JSD and Legal Research in the Maghreb and the Sahel
The current IAA between USIP and the State Department for JSD in the Maghreb and Sahel regions ends this fall. In preparation for a second IAA with a potentially more macro-level focus, I am researching the internal security laws of the six countries: Burkina Faso, Mali, Niger, Nigeria, Senegal, and Tunisia. With one exception (Nigeria), the official languages of those six countries are not English. Rather, the legal systems of Burkina Faso, Mali, Niger, and Senegal are recorded in French, and Tunisia’s legal system is recorded in Arabic. The language barrier thus presents a certain challenge, particularly because this area of the law is largely un-researched. Very few legal or social science scholars have written in English about the internal security situations in francophone western Africa. Thus, my access to English secondary sources is also limited.
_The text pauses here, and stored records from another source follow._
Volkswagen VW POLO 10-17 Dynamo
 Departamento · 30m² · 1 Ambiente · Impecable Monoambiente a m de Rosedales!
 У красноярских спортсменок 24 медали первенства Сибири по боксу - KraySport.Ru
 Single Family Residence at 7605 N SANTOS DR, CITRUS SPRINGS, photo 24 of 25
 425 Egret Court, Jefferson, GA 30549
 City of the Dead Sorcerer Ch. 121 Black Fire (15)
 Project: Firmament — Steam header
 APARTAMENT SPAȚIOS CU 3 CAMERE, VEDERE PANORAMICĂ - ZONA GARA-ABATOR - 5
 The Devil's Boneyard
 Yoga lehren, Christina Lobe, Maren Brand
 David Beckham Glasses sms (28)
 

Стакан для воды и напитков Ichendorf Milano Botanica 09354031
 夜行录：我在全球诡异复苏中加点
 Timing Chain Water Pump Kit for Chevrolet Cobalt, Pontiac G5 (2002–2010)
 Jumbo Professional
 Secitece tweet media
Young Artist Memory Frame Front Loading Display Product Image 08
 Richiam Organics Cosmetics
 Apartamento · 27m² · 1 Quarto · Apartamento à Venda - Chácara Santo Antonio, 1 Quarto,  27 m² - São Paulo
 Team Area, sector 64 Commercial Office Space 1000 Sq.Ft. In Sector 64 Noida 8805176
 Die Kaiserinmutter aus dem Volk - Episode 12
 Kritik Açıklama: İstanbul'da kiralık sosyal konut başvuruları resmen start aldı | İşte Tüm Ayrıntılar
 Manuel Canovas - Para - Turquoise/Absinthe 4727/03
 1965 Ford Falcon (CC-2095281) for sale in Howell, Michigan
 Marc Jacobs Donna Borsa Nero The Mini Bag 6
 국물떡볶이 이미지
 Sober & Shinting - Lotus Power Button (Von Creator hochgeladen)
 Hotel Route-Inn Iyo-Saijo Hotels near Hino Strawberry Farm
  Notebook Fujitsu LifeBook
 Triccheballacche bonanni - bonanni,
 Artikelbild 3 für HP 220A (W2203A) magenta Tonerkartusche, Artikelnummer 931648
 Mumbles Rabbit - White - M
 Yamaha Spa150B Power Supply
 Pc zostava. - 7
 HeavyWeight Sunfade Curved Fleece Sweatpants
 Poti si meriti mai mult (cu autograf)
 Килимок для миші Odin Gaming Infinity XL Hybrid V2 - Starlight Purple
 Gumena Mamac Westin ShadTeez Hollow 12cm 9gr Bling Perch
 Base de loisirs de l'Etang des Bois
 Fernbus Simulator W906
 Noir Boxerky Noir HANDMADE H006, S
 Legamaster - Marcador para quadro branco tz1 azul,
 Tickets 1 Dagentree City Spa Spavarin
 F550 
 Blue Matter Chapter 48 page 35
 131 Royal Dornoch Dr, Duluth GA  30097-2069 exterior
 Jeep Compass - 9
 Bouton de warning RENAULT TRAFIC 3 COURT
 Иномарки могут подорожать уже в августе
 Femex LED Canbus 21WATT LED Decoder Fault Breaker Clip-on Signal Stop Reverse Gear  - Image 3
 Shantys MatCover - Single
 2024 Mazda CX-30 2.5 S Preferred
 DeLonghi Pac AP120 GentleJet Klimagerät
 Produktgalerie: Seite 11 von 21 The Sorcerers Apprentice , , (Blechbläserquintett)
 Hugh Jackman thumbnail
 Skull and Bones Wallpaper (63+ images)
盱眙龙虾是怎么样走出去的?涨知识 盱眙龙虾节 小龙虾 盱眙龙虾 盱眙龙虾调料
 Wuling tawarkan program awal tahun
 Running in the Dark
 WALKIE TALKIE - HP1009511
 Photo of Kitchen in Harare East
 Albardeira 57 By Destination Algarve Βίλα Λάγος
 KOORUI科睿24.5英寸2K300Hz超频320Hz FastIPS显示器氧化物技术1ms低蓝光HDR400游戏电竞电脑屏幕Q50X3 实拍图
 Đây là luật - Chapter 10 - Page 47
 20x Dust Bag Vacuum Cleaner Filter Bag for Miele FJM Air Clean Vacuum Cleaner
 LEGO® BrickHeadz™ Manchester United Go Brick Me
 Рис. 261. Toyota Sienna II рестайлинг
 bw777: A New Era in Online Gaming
The resource constraints of these countries presents yet another, perhaps bigger, challenge. In the age of Google Translate, obtaining decent English translations of the laws that I can find is not terribly difficult. The real challenge is in finding the laws themselves. During my time at William & Mary, I have had many opportunities to conduct foreign research on legal issues in developing countries. As such, I am no stranger to this challenge, and my past experience has been very helpful so far. Fortunately, Burkina Faso keeps an online database of its official gazette (the official publication of all laws, decrees, ordinances, and administrative decisions promulgated by the government). Though it is entirely in French, I was able to identify and access the relevant laws governing internal security in Burkina Faso. Additionally, Mali’s Ministry of Internal Security and Civil Protection publishes a PDF of a scanned copy of all laws relevant to its activities. Suddenly I had most of the relevant material for two countries.
Then I got to Niger. With a GDP per capita of $1,100, Niger is one of the poorest countries in the world. A history of political instability and rebellions have helped to stagnate its growth, and it currently faces instability in the form of armed terrorist groups. Thus, it comes as no surprise that the government does not have the resources to publish its legal texts online. The Library of Congress used to produce a database (called GLIN) containing foreign legal texts, including Niger’s, but it was decommissioned in 2011. It’s in moments like this when being in D.C. is incredibly helpful: the Library of Congress maintains on microfiche the Journal Official de la Republique de Niger. Of course it’s in French, which means that I myself cannot read it, but the record exists and is available to me. It is, however, very unfortunate, though not surprising, that I can only access these materials due to my proximity to one of few copies in the world.